Work required —
Without the pictures, output the records below exactly as they are.

Material to process —
******************************
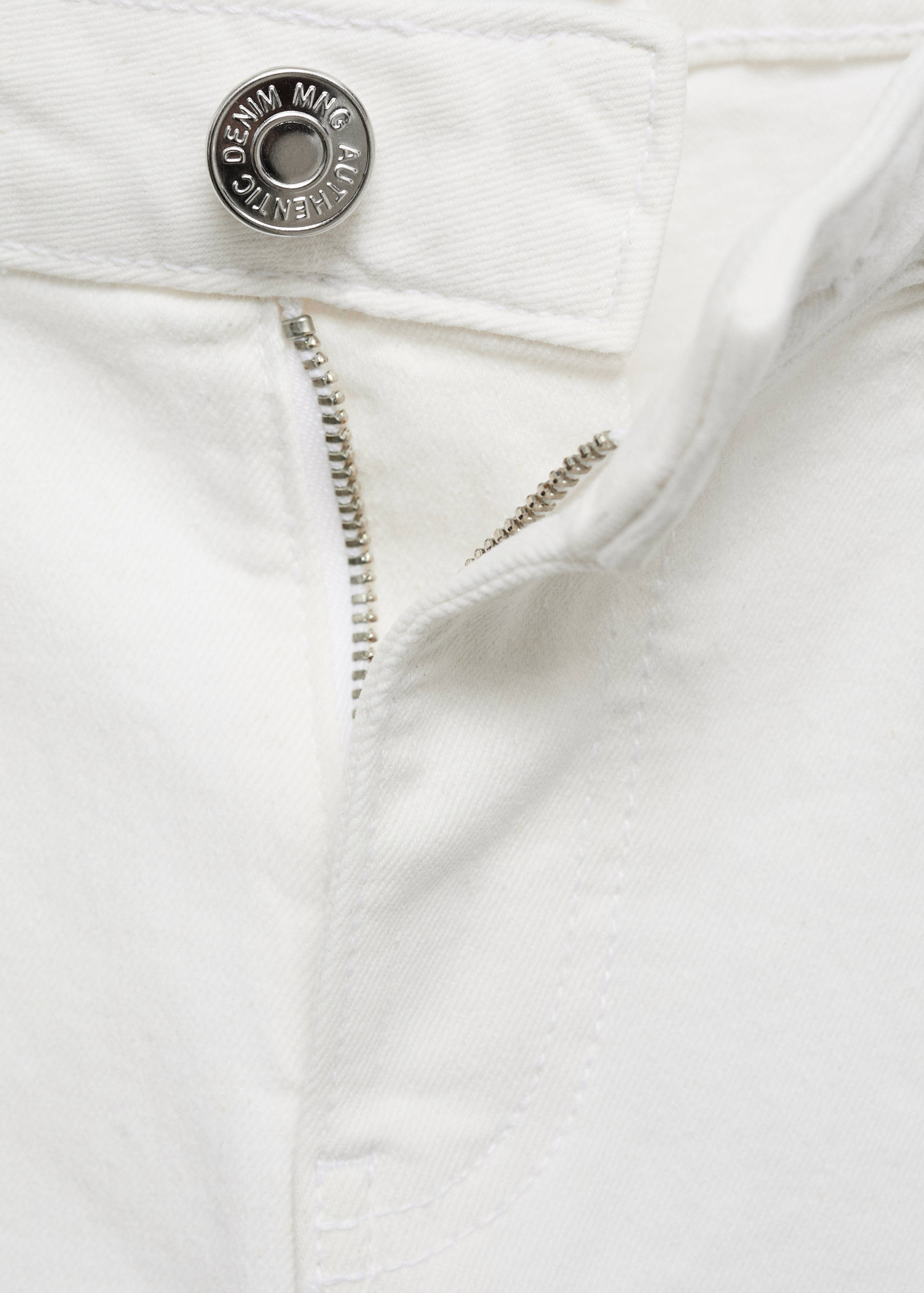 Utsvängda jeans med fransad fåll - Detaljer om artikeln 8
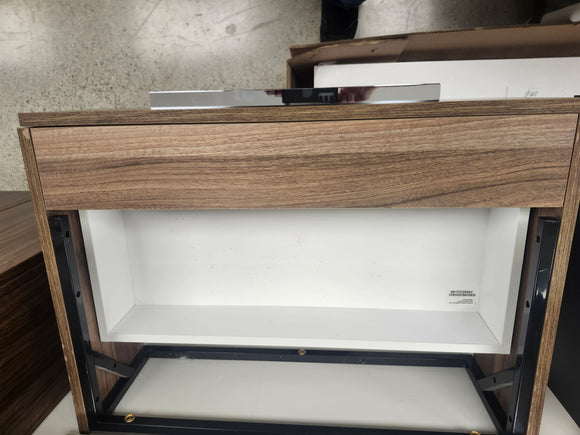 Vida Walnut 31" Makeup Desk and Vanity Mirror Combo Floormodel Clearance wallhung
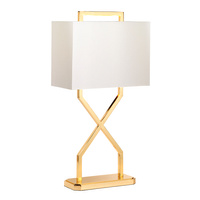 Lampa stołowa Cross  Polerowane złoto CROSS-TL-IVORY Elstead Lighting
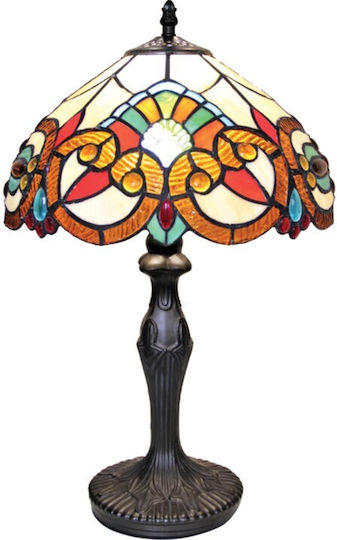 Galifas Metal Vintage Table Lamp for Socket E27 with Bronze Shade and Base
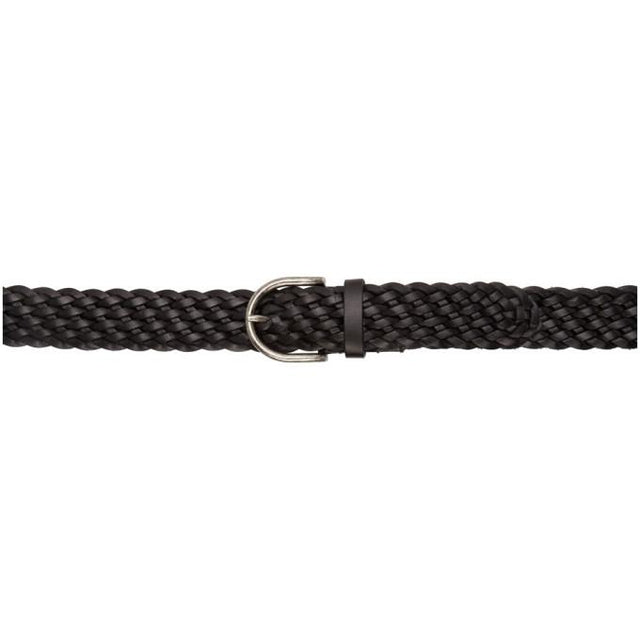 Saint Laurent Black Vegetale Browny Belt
******************************
Reply —
 Utsvängda jeans med fransad fåll - Detaljer om artikeln 8
 Vida Walnut 31" Makeup Desk and Vanity Mirror Combo Floormodel Clearance wallhung
 Lampa stołowa Cross  Polerowane złoto CROSS-TL-IVORY Elstead Lighting
 Galifas Metal Vintage Table Lamp for Socket E27 with Bronze Shade and Base
 Saint Laurent Black Vegetale Browny Belt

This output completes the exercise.